Readings from last week's Daily Contemplative Pauses
*All previous readings & reflections can be found here*
Monday, January 19th with LeMel
Reading: Forty-One
For Beginnings
Open my eyes, O Eternal, to change;
Fill me with longing for possibilities.
Let my life before be stepping blocks
To what you want me to become.
Open my eyes, O Eternal, to change;
Let me write beyond my narrow descriptions
To begin a new narrative,
Underlined with your name.
Open my heart, O Eternal
To put you ever before me;
Help me discard the insubstantial
And replace it with Your words.
Open my life, O Eternal, to fulfillment.
Where before were shadows
Let Your truths live in my life,
Sustaining my actions.
Turn me back to You, O Eternal,
Back to long before I cannot remember
That beckon my soul.
Turn me back, O Eternal,
Opening to change.
-- From Debbie Perlman in Flames to Heaven: New Psalms for Healing & Praise, former Psalmist-in-Residence at Beth Emet The Free Synagogue
Chant: Whispering Open
All before are insubstantial shadows
Replaced now with Spirit filled words
Whispering me open to transformation
Tuesday, January 20th with Faye
Reading: "When we say the world has lost its sanity, what we may actually be saying is that the feedback loops that reinforced a prior balance of powers have collapsed, and the biases once ritualized into norms no longer hold the weight of truth.
“And when we long for sanity’s return, we often mean: bring back the predictability of yesterday’s arrangements, even if those arrangements were themselves complicit in quiet violences.
“Thus, the betrayal is not new. It isn’t a fall from purity, anymore than the right-ward swing of the pendulum is an affront to a grandfather clock. It is an unveiling of the fact that purity was never there.
“The "return to 1945" is hardly a return. The logic of predation was always there, lurking in the creases of dignified diplomacy, in the moral climate that governs the neurotypical subject. Rather than a return, I'd suggest that this is an exfoliation. A peeling back. A wound remembered.
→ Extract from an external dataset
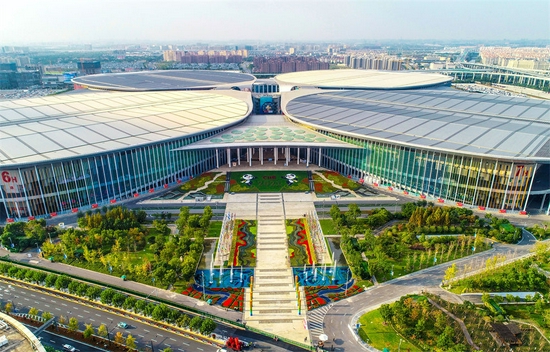  10月31日拍摄的国家会展中心（上海）（无人机照片）。 新华社发（蒋中呈 摄）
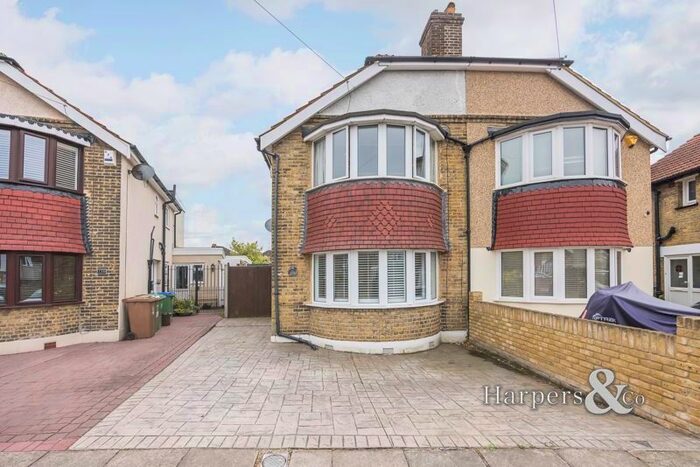 3 Bedroom Property To Rent In Swanley Road, Welling, DA16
A crack showing what has always been beneath: the brutal genealogies of power, the erotic pull of empire, the myth of a moral center. What feels like descent may in fact be disclosure.
“And in this sense, the work is not to restore sanity, but to grieve it. To gather in the ruins of its architecture and listen for what still wants to live, what wants to be grown differently, from different seeds. Our work is not against individuals, but within mycelial fields of posthumanist desire. It is Eros we must meet. It is the trickster Exu we must convene around.
“This is not an anomaly. This is a reckoning.”
– Báyò Akomolafe
Chant: Christ near to all, the Light in all, the Seed sown in the hearts of all – words of Robert Barclay put to chant by Paulette Meier
Wednesday, January 21st
Reading: “Awakening to this world requires willingness to open our minds and hearts. Each issue is the result of multiple causes and conditions, and we must stay curious to understand cause and effect. Every protestor who goes into the streets is experiencing pain and rage. [Every ICE Agent, ]. Without condoning or allowing destructive actions, compassion allows us to connect with the protestors as fellow human beings.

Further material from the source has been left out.